Hollywood Hackers

Eugen Leitl eugen at leitl.org
Wed Jul 31 07:25:30 PDT 2002


On Wed, 31 Jul 2002, Anonymous wrote:

> Such an approach suffers from the "bad guy" occasionally signing a
> good file, thus placing himself on the trusted signer list.

This assumes a boolean trust metric. What you need is a trust scalar, and
a mechanism to prevent Malory poisoning it. It should use scarce resources
(e.g. crunch) to generate a trust currency in each node, a kind of
decentralized mint (nothing crunches quite a few million boxes on the
Net). Clearly there will be some inflation, as systems tend to get faster
these days.
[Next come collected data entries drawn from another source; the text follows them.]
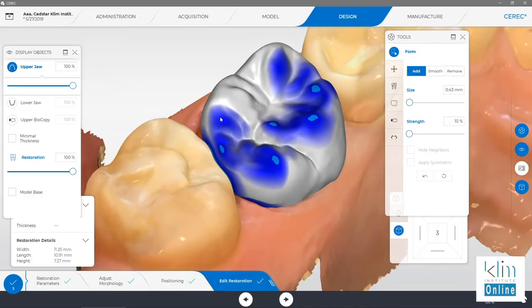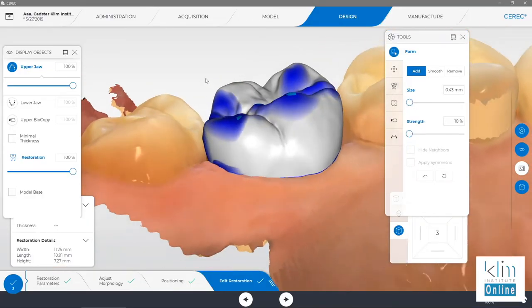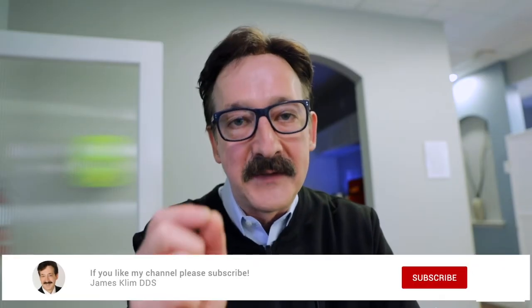Hello friends, welcome to the design screen. I get a lot of questions about which tools to use, what's the order, how do I make that design efficient and get the process done in a reasonable amount of time. And that's what this video is about.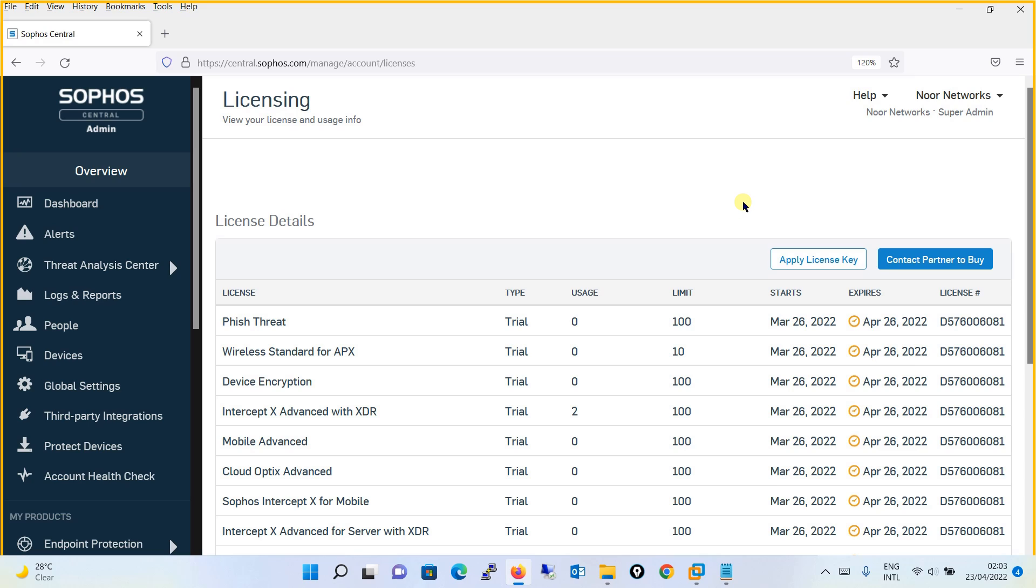That's all about the licensing part. Moving on to managing the login settings.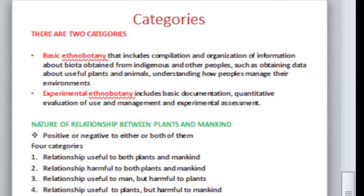Coming to the categories of ethnobotany, there are basically two categories. Basic ethnobotany deals with the compilation and organization of information about biota obtained from indigenous people, such as data about useful plants and animals and understanding how people manage their environment. Experimental ethnobotany includes basic documentation, quantitative evaluation of use and management, and experimental assessment, focusing on the isolation of active principles from plants used in the treatment of various diseases.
The algorithm should resist FPGAzation, too (Mallory is
inventive).
 
> A better approach is for the downloader to create his own trusted
> list, along the lines of PGP web of trust. Ideal for exactly this

The infrastructure needs to be hidden out of view. If you query the net
for a specific document, those signed by most trusted parties should come
up first. And when you download and sample a document the GUI should offer
positive/negative karma buttons for easy grading.
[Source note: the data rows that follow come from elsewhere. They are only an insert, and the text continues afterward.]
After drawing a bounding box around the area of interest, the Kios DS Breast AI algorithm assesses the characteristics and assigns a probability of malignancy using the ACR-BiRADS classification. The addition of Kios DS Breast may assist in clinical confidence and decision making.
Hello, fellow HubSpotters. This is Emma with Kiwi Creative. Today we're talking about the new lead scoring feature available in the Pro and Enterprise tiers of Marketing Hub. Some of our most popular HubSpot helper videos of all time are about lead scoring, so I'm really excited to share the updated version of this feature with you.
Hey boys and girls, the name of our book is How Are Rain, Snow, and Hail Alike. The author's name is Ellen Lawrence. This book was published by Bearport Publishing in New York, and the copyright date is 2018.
> application. The downloader can add and subtract from the trusted
> signer list at will, with no central control. Since one must expect
> some trusted signers to get busted and move to the dark side under
> court order, such downloader control is necessary.
> 
> Problematic is that mp3 and other compression processes do not
> generate bit-identical files. Two perfect mp3 files may have different
> md5 hashes, for example. A tool for making bit-identical mp3 files

Doesn't matter, as long a single good copy gets out & gets amplified.
Plus, you can get different cryptohash URIs for minor variations on 
content, as long they're published by somebody trusted.

> from the same digital input is needed, so that a single signed hash
> can verify the same file from multiple origins.